What is the scope of the ACAS Code?
The ACAS Code of practice on disciplinary and grievance procedures was most recently re-issued in 2015, though it was first published as long ago as 1977. On the disciplinary side it states that it covers both misconduct and poor performance, but does not extend to redundancy dismissals or the non-renewal of fixed-term contracts on their expiry.
Recent decisions from the Employment Appeal Tribunal have clarified that it does not apply to dismissals where there is no disciplinary element. So for example it does not apply to a dismissal on grounds of ill-health where the employee is not culpable, or to dismissals for “some other substantial reason” (for example a complete breakdown in workplace relations) where there is no disciplinary element. However its key principles may still be relevant.

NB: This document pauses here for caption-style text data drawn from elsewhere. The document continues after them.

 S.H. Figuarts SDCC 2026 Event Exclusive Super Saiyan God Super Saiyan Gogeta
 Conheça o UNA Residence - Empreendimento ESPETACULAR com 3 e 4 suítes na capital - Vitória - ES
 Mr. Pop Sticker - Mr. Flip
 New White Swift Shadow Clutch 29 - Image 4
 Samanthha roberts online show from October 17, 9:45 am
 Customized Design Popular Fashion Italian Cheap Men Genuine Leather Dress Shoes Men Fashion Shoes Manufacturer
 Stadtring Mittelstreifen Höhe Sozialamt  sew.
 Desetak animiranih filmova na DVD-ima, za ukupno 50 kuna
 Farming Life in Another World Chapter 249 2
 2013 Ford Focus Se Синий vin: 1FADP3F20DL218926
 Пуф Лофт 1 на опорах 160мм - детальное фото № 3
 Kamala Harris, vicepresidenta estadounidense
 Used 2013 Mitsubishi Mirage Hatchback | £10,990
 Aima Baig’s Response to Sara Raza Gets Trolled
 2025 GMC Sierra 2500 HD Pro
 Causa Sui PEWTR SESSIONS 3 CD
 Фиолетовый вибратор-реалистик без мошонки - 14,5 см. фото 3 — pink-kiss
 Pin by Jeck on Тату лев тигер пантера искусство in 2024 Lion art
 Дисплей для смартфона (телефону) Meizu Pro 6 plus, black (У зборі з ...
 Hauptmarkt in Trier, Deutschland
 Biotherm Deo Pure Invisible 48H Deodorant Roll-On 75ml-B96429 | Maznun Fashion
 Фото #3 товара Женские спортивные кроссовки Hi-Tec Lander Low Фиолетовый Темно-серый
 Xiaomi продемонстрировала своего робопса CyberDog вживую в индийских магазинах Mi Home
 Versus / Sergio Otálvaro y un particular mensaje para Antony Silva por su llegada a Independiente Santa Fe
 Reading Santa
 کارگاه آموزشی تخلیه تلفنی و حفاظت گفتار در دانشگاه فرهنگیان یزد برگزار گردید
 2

What are its key principles?
The Code itself is very short, but its key principles are below:
- Deal with issues promptly: neither employers nor employees should unreasonably delay meetings, decisions or confirmation of those decisions.
- Consistency: employers and employees should act consistently.
- Investigations: employers should carry out any necessary investigations to establish the facts.
- Putting the case: employees should be informed of the “problem” and be given the opportunity to put their case before any decision is made.
- Being accompanied: employers should allow employees to be accompanied at any formal disciplinary meeting.
- Appeals: employers should allow an appeal against any formal decision made.
What is the relevance of the Code in practice?
In broad terms employment tribunals are entitled to take into account any provision of the Code which “appears to be relevant”. That is what makes it a statutory code of practice. In essence this means that in misconduct and poor performance cases it is very likely that non-compliance with the Code will lead to a finding of unfair dismissal. In addition, since 2009, employment tribunals have had power to increase any unfair dismissal award by up to 25 per cent where in their view there has been “unreasonable failure” by the employer to comply with the Code.
Employers will not be open to such a sanction in other types of dismissal where there is no disciplinary element, but the broad principles of the Code may still be relevant when assessing whether a dismissal has been unfair. So for example in a recent case involving a breakdown of relationships at work, the lack of an opportunity for the employee to put her case led to a finding of unfair dismissal, even though the tribunal had now power to uplift the compensation for breach of the Code.
There are also situations where an employer would be well-advised to shadow the provisions of the Code, even though a failure to do so will not of itself result in a finding of unfair dismissal. For example in a redundancy situation, it is normally regarded as best practice to allow an employee selected for redundancy a right of appeal, though failure to do this will not necessarily mean the dismissal is unfair. However, adopting best practice may persuade to tribunal to overlook other procedural shortcomings when assessing the overall fairness of the process, particularly since a properly conducted appeal can “cure” defects in the original dismissal decision.
So in short, even in non-disciplinary dismissals, employers would do well to make sure the procedures they adopt reflect the general principles of the Code which are applicable to the factual situation. That is not so surprising, given the broad nature of the test for a fair dismissal, which imports a requirement for the employer not to act unreasonably when making the decision to dismiss. Sometimes there may be commercial reasons for acting differently, but employers should be aware that doing so may increase the risk of a finding of unfair dismissal.